** Work instructions **
A faithful copy is required: transcribe each line below exactly, minus the pictures.

━━ Given data

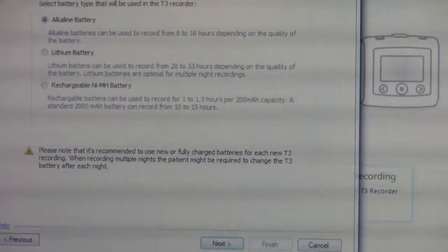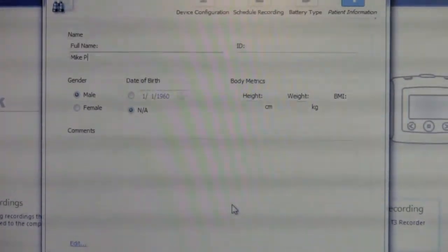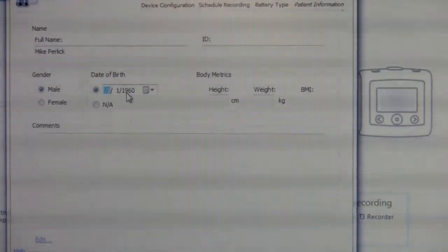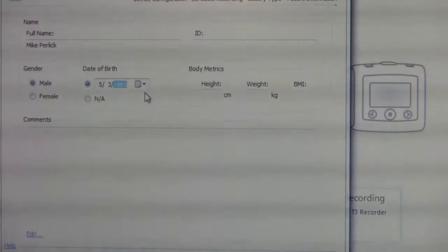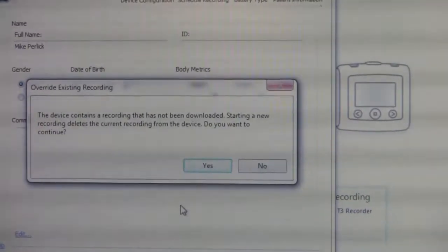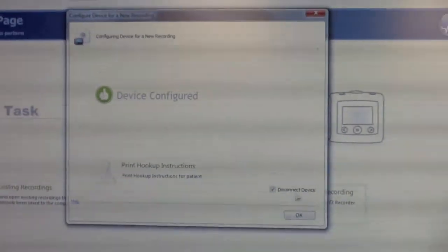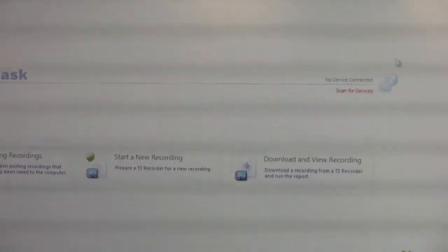We're going to use alkaline batteries in the monitor. Here we enter the patient's name — today's patient is Mike Perlick. He is male, and his birth date is May 3rd, 1965. If you have other patient information you can add it; the more information the better for the physician reading the report, but it's not a requirement. We're going to say yes, we want to start a new recording, and it is now configuring our device. With the check mark it will automatically disconnect the device from the software, and as I click OK you will see that the device is no longer connected.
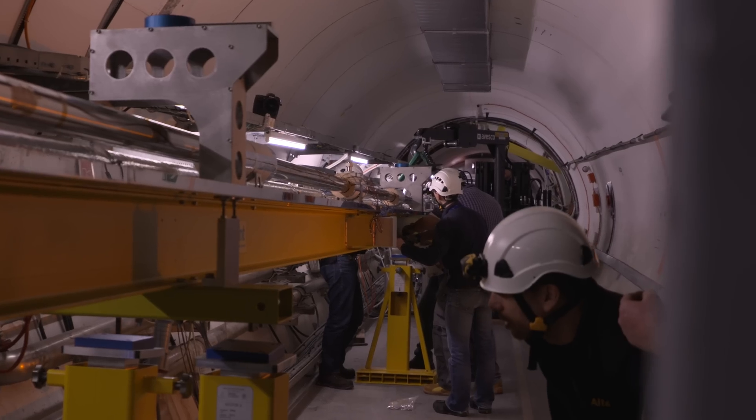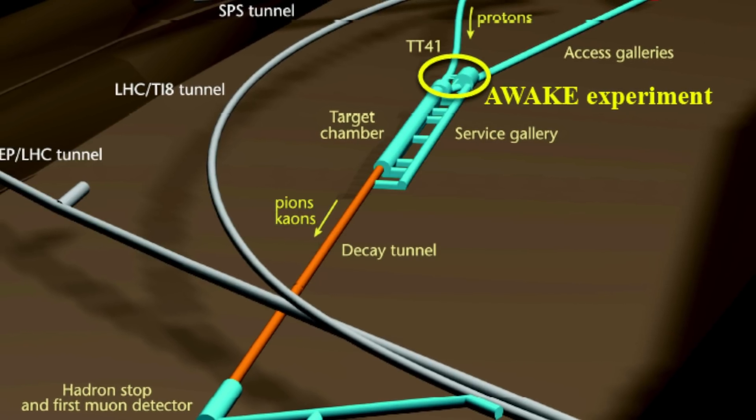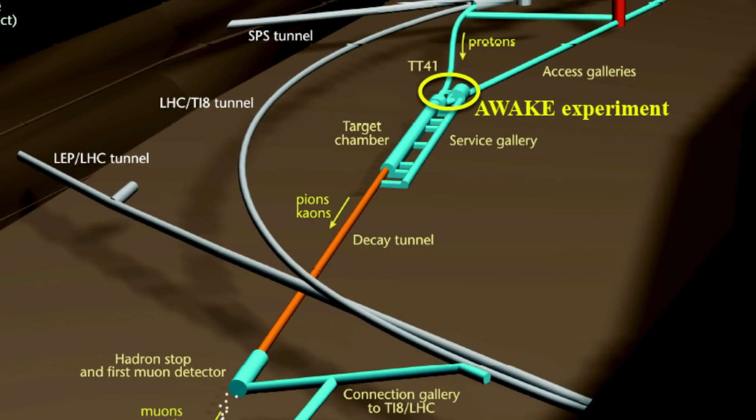In the AWAKE project we have 800 meters of the primary beam line, then we have a 10 meter plasma cell, and the secondary beam line part where the experiment diagnostic is. What we do today is we take the beam from the SPS and we want to send it through this whole line to see if all the setup is correct and if the line works in principle.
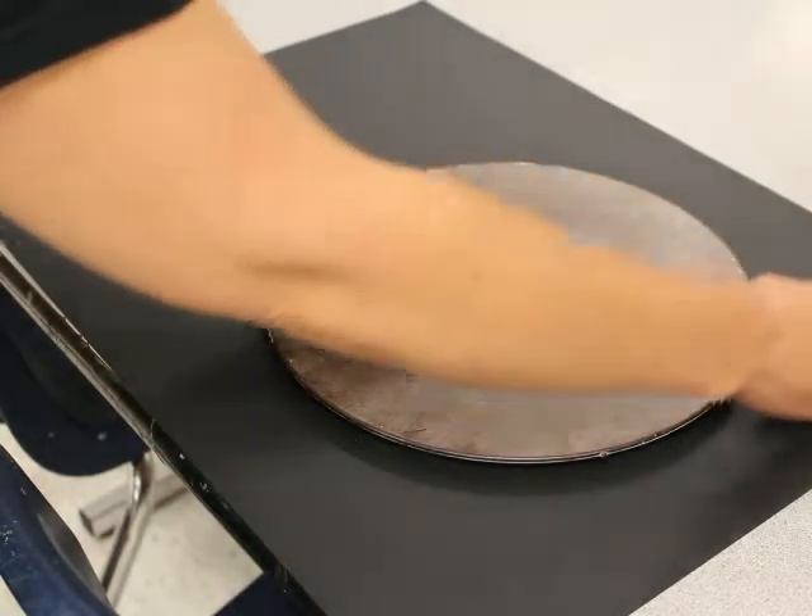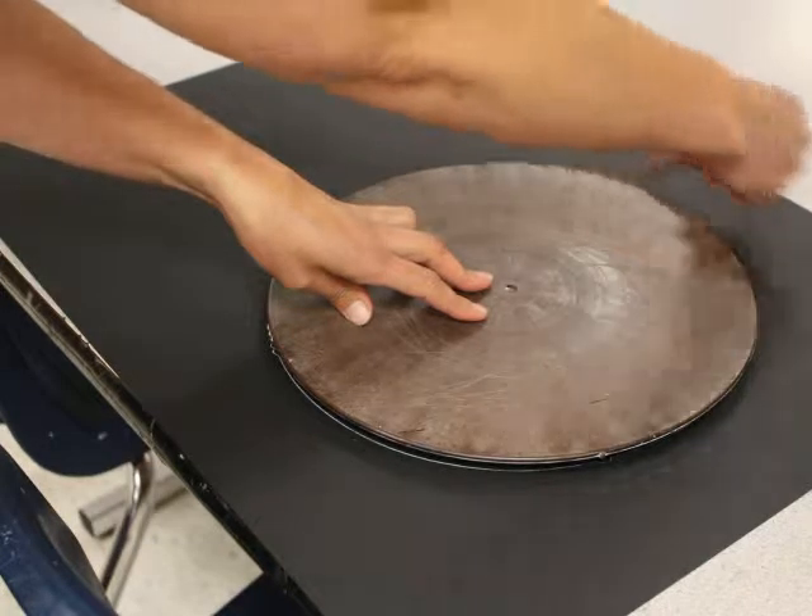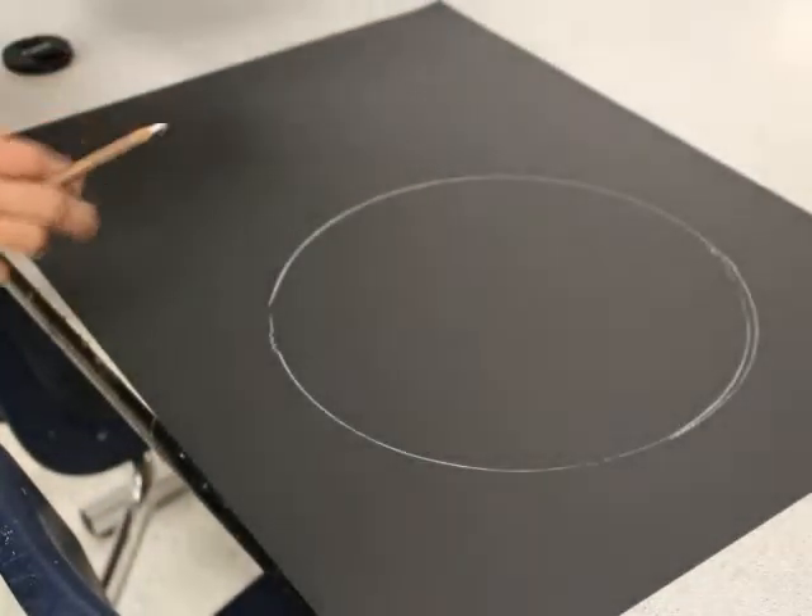So you're going to trace around the inner circle of your mandala, or of this circle.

━━━━

** Response area **
We're going to use alkaline batteries in the monitor. Here we enter the patient's name — today's patient is Mike Perlick. He is male, and his birth date is May 3rd, 1965. If you have other patient information you can add it; the more information the better for the physician reading the report, but it's not a requirement. We're going to say yes, we want to start a new recording, and it is now configuring our device. With the check mark it will automatically disconnect the device from the software, and as I click OK you will see that the device is no longer connected.
In the AWAKE project we have 800 meters of the primary beam line, then we have a 10 meter plasma cell, and the secondary beam line part where the experiment diagnostic is. What we do today is we take the beam from the SPS and we want to send it through this whole line to see if all the setup is correct and if the line works in principle.
So you're going to trace around the inner circle of your mandala, or of this circle.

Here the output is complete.